2008-07-15 06:21:49

by NeilBrown

[permalink] [raw]
Subject: [PATCH] sm-notify: perform DNS lookup in the background.



Hi Steve,
if you agree with the following patch, it can be pulled from

git://neil.brown.name/nfs-utils for-steved


Thanks,
NeilBrown


From: Neil Brown <[email protected]>
Date: Tue, 15 Jul 2008 06:11:55 +1000
Subject: [PATCH] sm-notify: perform DNS lookup in the background.

If an NFS server has no network connectivity when it reboots,
it will block in sm-notify waiting for DNS lookup for a potentially
large number of hosts. This is not helpful and just annoys the
sysadmin.

So do the DNS lookup in the backgrounded phase of sm-notify,
before sending off the NOTIFY requests.

Signed-off-by: NeilBrown <[email protected]>
---
utils/statd/sm-notify.c | 23 ++++++++++++++---------
1 files changed, 14 insertions(+), 9 deletions(-)

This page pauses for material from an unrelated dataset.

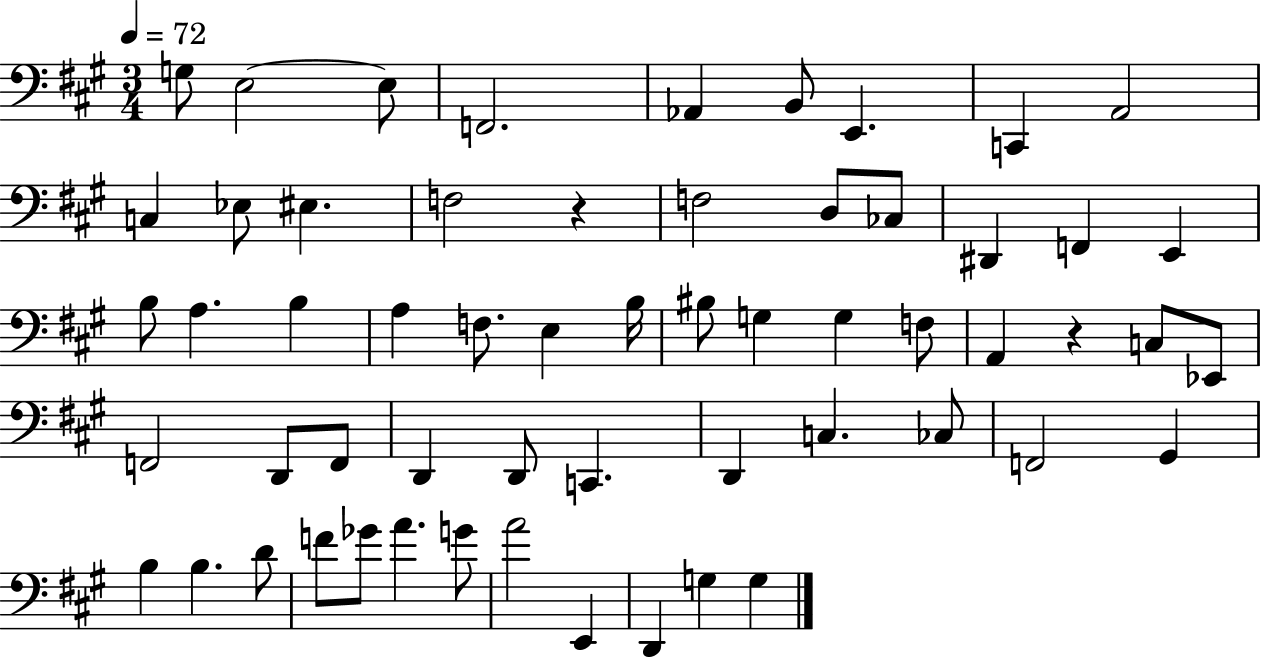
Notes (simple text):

diff --git a/utils/statd/sm-notify.c b/utils/statd/sm-notify.c
index bb67c37..8e00aac 100644
--- a/utils/statd/sm-notify.c
+++ b/utils/statd/sm-notify.c
@@ -286,6 +286,20 @@ notify(void)
hp = hosts;
hosts = hp->next;

+ if (hp->ai == NULL)
+ hp->ai = host_lookup(AF_UNSPEC, hp->name);
+ if (hp->ai == NULL) {
+ nsm_log(LOG_WARNING,
+ "%s doesn't seem to be a valid address,"
+ " skipped",
+ hp->name);
+ unlink(hp->path);
+ free(hp->name);
+ free(hp->path);
+ free(hp);
+ continue;
+ }
+
notify_host(sock, hp);

/* Set the timeout for this call, using an
@@ -532,15 +546,6 @@ get_hosts(const char *dirname)
if (stat(path, &stb) < 0)
continue;

- host->ai = host_lookup(AF_UNSPEC, de->d_name);
- if (! host->ai) {
- nsm_log(LOG_WARNING,
- "%s doesn't seem to be a valid address, skipped",
- de->d_name);
- unlink(path);
- continue;
- }
-
host->last_used = stb.st_mtime;
host->timeout = NSM_TIMEOUT;
host->path = strdup(path);
--
1.5.6.2



2008-07-15 15:32:06

by Chuck Lever

[permalink] [raw]
Subject: Re: [PATCH] sm-notify: perform DNS lookup in the background.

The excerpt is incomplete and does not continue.